The correct number of child processes will depend on the hardware available to you.
Simplifying a bit, child processes can be in one of two states: waiting for memory or disk access, or running.
If your problem fits nicely in your computers' memory, then processes will spend almost all of their time running. If it's too big for memory, they will periodically need to wait for disk.
You should use approximately 1 Child process per CPU core. If you are training on a GPU, then it depends whether the process can make use of the entire GPU at once (in which case, use just 1), or whether a "process" is really more like a CUDA thread here (in which case you'd want one per CUDA core).
If you think your processes will wait for disk, use more than one per core. About 50% more is a good starting point. You can use a program like top to monitor CPU usage and adjust the number of processes accordingly.

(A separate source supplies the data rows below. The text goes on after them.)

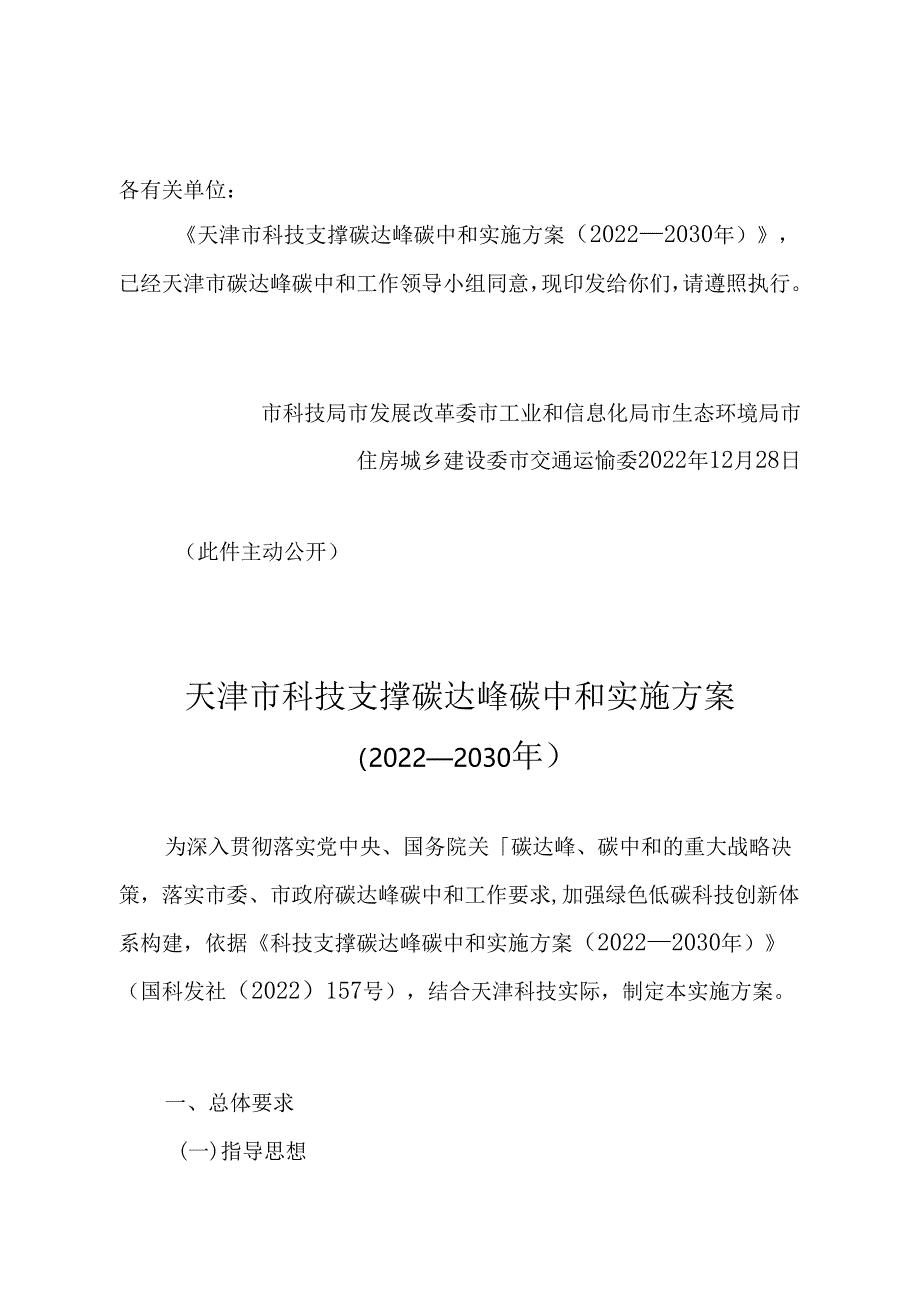 【政策】天津市科技支撑碳达峰碳中和实施方案（2022—2030年）.docx_第1页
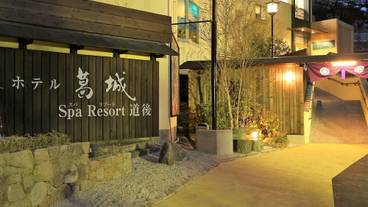 施設の入り口 / 3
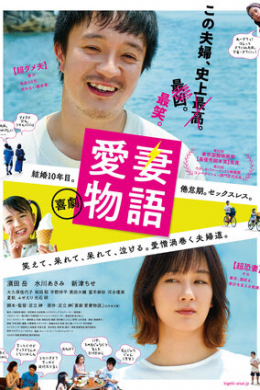 Любимая жена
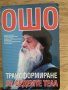 Ошо: Трансформиране на седемте тела, снимка 1 - Специализирана литература - 34247278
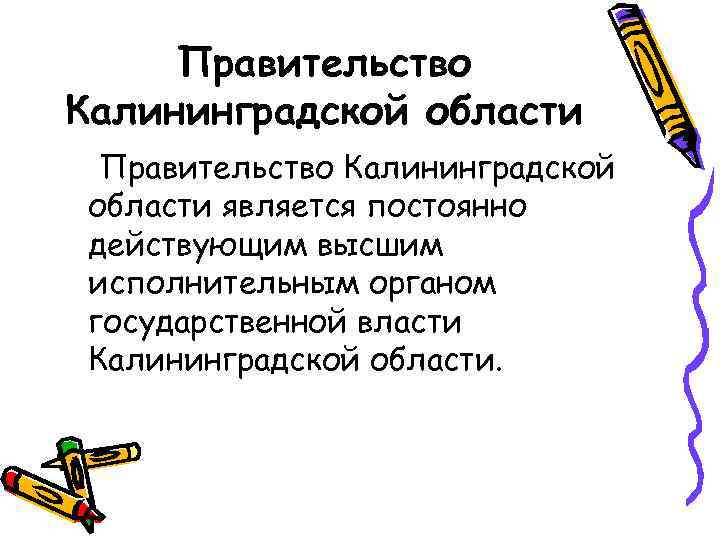 Правительство Калининградской области является постоянно действующим высшим исполнительным органом государственной власти Калининградской области. 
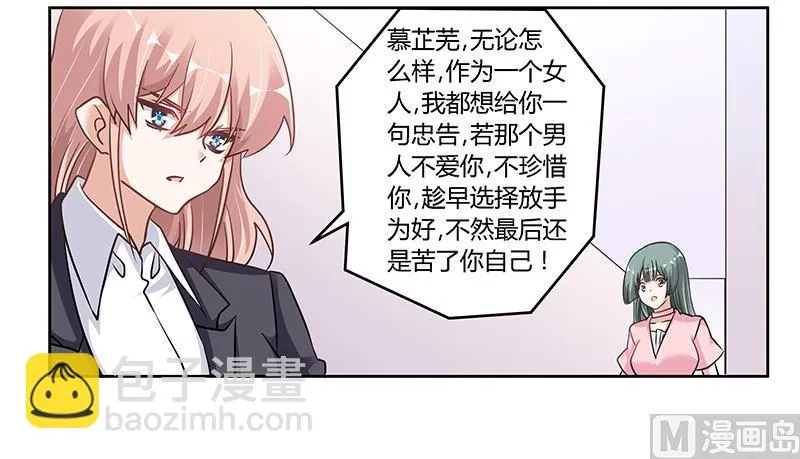 第105话 他的感情由他自己决定 第29页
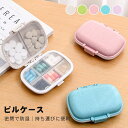 携帯型 ピルケース ミニ薬ケース 折りたたみ式 錠剤ケース お薬ポーチ 密閉 小物入れ 持ち運び 服薬管理 防湿 大容量 旅行用 小物ケース 雑貨 携帯便利 仕...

To answer your question more explicitly:
- Having more child processes (up to a point, discussed above), will increase hardware utilization, and make your training run faster. With a Core i7 CPU for instance, you might be able to run 8 or 16 child processes at a time, so you'd train 8-16x times faster.
- Having more child processes than processing units (CPU cores, CUDA cores), will begin to cause frequent context switching, where the processing units have to pause to change between different jobs. Changing jobs is extremely expensive, and ultimately, your program cannot train faster than it would by using all the available hardware. If you have more processes than processing units, reducing the number should make your program train faster.